Dans le Mozambique détruit par les guerres, un homme -Silvestre Vitalicio- décide de s'isoler avec ses deux fils, hors du monde, dans une réserve de chasse. Il a le souhait de créer un nouveau monde qu'il va nommer « Jésusalem » dans lequel il va édicter ses propres règles ; un pays isolé pour protéger ses enfants de la folie des hommes, mais aussi pour oublier l'image de sa femme morte, dona Dordalma. Pourtant lui-même a ses propres folies, ses propres blessures, ses propres fantômes et il rend la vie de ses enfants difficile, sous son contrôle. Il est notamment très violent avec le fils aîné Ntunzi, ce fils qui n'a qu'un seul rêve, s'échapper de ce campement, tandis que le plus jeune Mwanito est ‘'l'accordeur de silences'', qui avec ses silences réussit à calmer les angoisses de son père.
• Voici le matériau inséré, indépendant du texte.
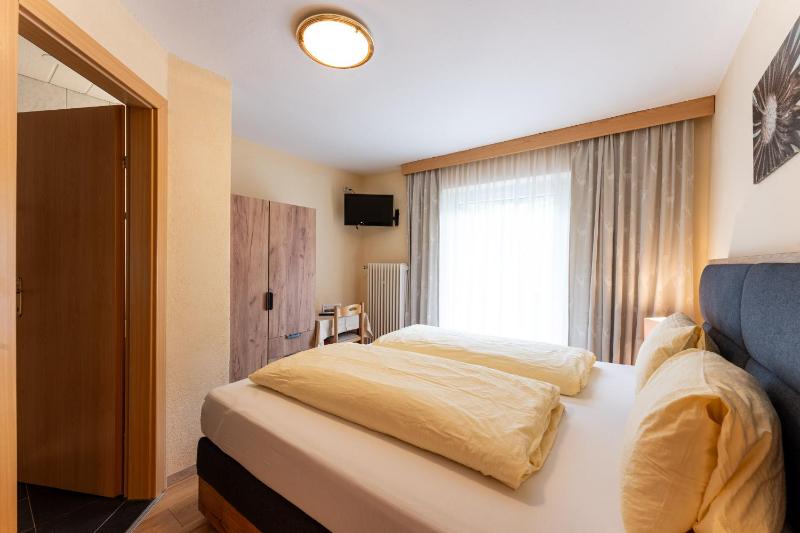 Deluxe Double Room image 4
Le récit nous est raconté par Mwanito, âgé de 11 ans. Et bien entendu, son regard naïf et presque innocent sur les choses, sa compréhension et ses questionnements d'enfant qu'il nous faut parfois déchiffrer, son souvenir flou de sa mère, font qu'on avance dans l'histoire plus ou moins à son rythme.
Dans Jésusalem, habitent également leur domestique et ancien militaire Zacaria Kalash, tandis que leur oncle Aproximado (le frère de leur mère), leur apporte des vivres et autres biens de première nécessité. C'est donc un univers restreint, sciemment sans figure féminine, même s'il ne faut pas oublier l'ânesse Jezibela. Mwanito n'a d'ailleurs aucun souvenir des femmes, puisqu'il vit depuis l'âge de ses 3 ans dans ce ‘'nouveau monde''. Et c'est son frère, en cachette, qui lui raconte cet autre monde, celui où les femmes sont réelles, et lui apprend également à écrire et compter.
Une femme, Marta, arrivée du Portugal à la recherche de son mari va bouleverser le semblant de stabilité de leur famille et de ce « nouveau monde ».

Chacun des chapitres commence par des extraits de poèmes de différents auteurs qui renforcent cette atmosphère particulière.
Mia Couto, écrivain mozambicain de langue portugaise, arrive avec maîtrise à souffler à la fois de la beauté et de la violence. Dans l'accordeur des silences, l'auteur nous offre un huis-clos dans lequel on se laisse enrober, embarquer par les mots, la poésie, l'imaginaire, un conte à la fois doux et cruel, telle qu'est l'humanité... Une lecture qui me donne très envie de découvrir plus encore son univers.

Commenter  J’apprécie          390
J'ai trouvé superbe ce livre, le premier que j'ai lu de Mia Couto.

D'astucieux commentateurs ont déjà dit l'essentiel sur "L'accordeur de silences".
Je tiendrais alors à ajouter juste une suggestion, celle nourrie par le sentiment qui a constamment accompagné ma lecture : l'impression qu'on a affaire aussi, implicitement, à une (belle) fable sur la littérature elle-même. La littérature qui sert également comme stratégie de survie.

Puisqu'on trouve chez ces personnages, une extraordinaire capacité fictionnelle, une baroque appétence fantasmagorique déployée fastueusement dans le désert affectif et dans les vastes territoires de l'oubli ; ils secrètent du mythe dès qu'ils ouvrent la bouche, ils s'inventent et réinventent. Particulièrement touchant - l'orphelin qui tente, par tous les moyens de sa psyché, de fabriquer une figure maternelle à partir de rien, dans un monde démuni de femmes.